2019年 F1 シンガポールGPレビュー
サマーブレイク明けの高速二連戦、伝統のスパとモンザを制したフェラーリの新たなる皇帝、ルクレール。
一気にグランプリのタイトルロールに名乗りを挙げたが、グランプリの舞台はヨーロッパラウンドを終えてフライアウェイ、シンガポールの市街地サーキットに移る。
市街地ならではのレイアウトで、エンジンパワーを強みに高速二連戦をキッチリと獲ったフェラーリ×ルクレールのタッグもここでは苦戦が予想される。
オールランダーであるメルセデスと、こういったレイアウトにめっぽう強いレッドブルの直接対決になることは戦前から予想されていた。
特にレッドブルはスペック4エンジンに積み替えてからイマイチ元気がない。
サマーブレイク前、グランプリを荒らした面影が感じられない。パワーユニットを提供しているホンダの母国GPも間近に迫っていることもあり、勢いをつけるためにここらで一発かましておきたいところだ。
ところが蓋を開けてみると、ポールポジションはルクレール。僚友ヴェッテルもQ3を大いにかき回しての3位を獲る。
ここにきてフェラーリの戦闘力が格段に上がっている
エンジンパワーだけでは無く、空力についても洗練度合いが増してきている。
フェラーリは夏休みの宿題をしっかりとこなしてきたのだろう。
メルセデスとここまでガチンコにやれることはグランプリファンには朗報だろうが、いかんせん時期が遅すぎる。
ここでここまで改善してこられるのなら、もう少し早く手をつけられなかったのかと思わざるを得ない。
このカイゼンがもう少し早い時期に行われていれば、夏のヨーロッパラウンドは大いに荒れてメルセデス×ハミルトンの最強パッケージもここまで安泰では無かっただろう。
肝心のレースも、そういう感情に支配されてしまった。
ルクレールとハミルトンの極上のバトルを尻目に、アンダーカットを成功させたヴェッテルが度重なるセーフティカー導入にも冷静にレースをコントロールして、1年以上ぶりの勝利を手にした。
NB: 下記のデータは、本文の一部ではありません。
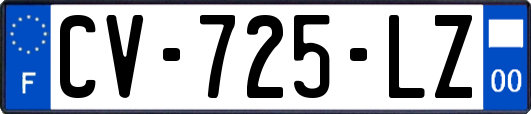 CV-725-LZ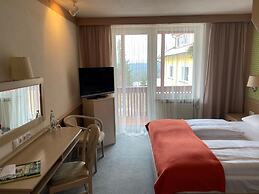 WAGNERS Hotel Schönblick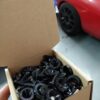 Paneles de puerta BMW E30 sedan - Imagen 9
フェラーリ内の皇位継承を世界で唯一認めてない男がここにいた。
ルクレールはヴェッテルの作戦について不満タラタラであったが、ヴェッテルはヴェッテルの仕事をしたまでである。
フェラーリ帝国内にもヴェッテル派は確実に存在しており、そこで激烈な政権争いが行われていると想像するに難くない。
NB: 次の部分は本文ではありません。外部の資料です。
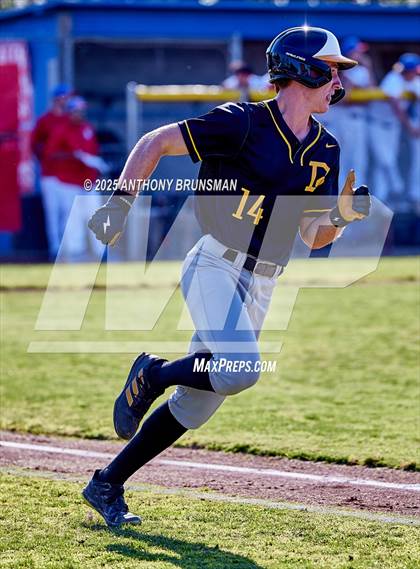 Thumbnail 1 in Del Oro @ Folsom photogallery.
良いことであろう。結局ルクレールが来期フェラーリ帝国を統一し、ハミルトンとの頂上決戦を行いたいのであれば、こういった「政敵」も味方につけなくてはいけない。「政敵」を味方にするには圧倒的強さを見せなくてはいけない。作戦が違ったところで、トラック上でぶち抜けば誰も文句は言えない。そういった強さを見せなくては人の心を惹きつけることはできないのだ。
夜のシンガポール、ルクレールにはそこが足りていなかった。
足りていないといえば、ハミルトン×メルセデスのパッケージングも何かが足りなかった。
速さと鉄壁のレース戦略を持つこの組み合わせが、シンガポールでは精彩を欠いていた。予想外の予選でのフェラーリのスピードにどこか歯車が狂ったのか。
ピットに入るタイミングを逃し、まんまとヴェッテルの大逃げを許してしまい表彰台すら失ってしまう始末。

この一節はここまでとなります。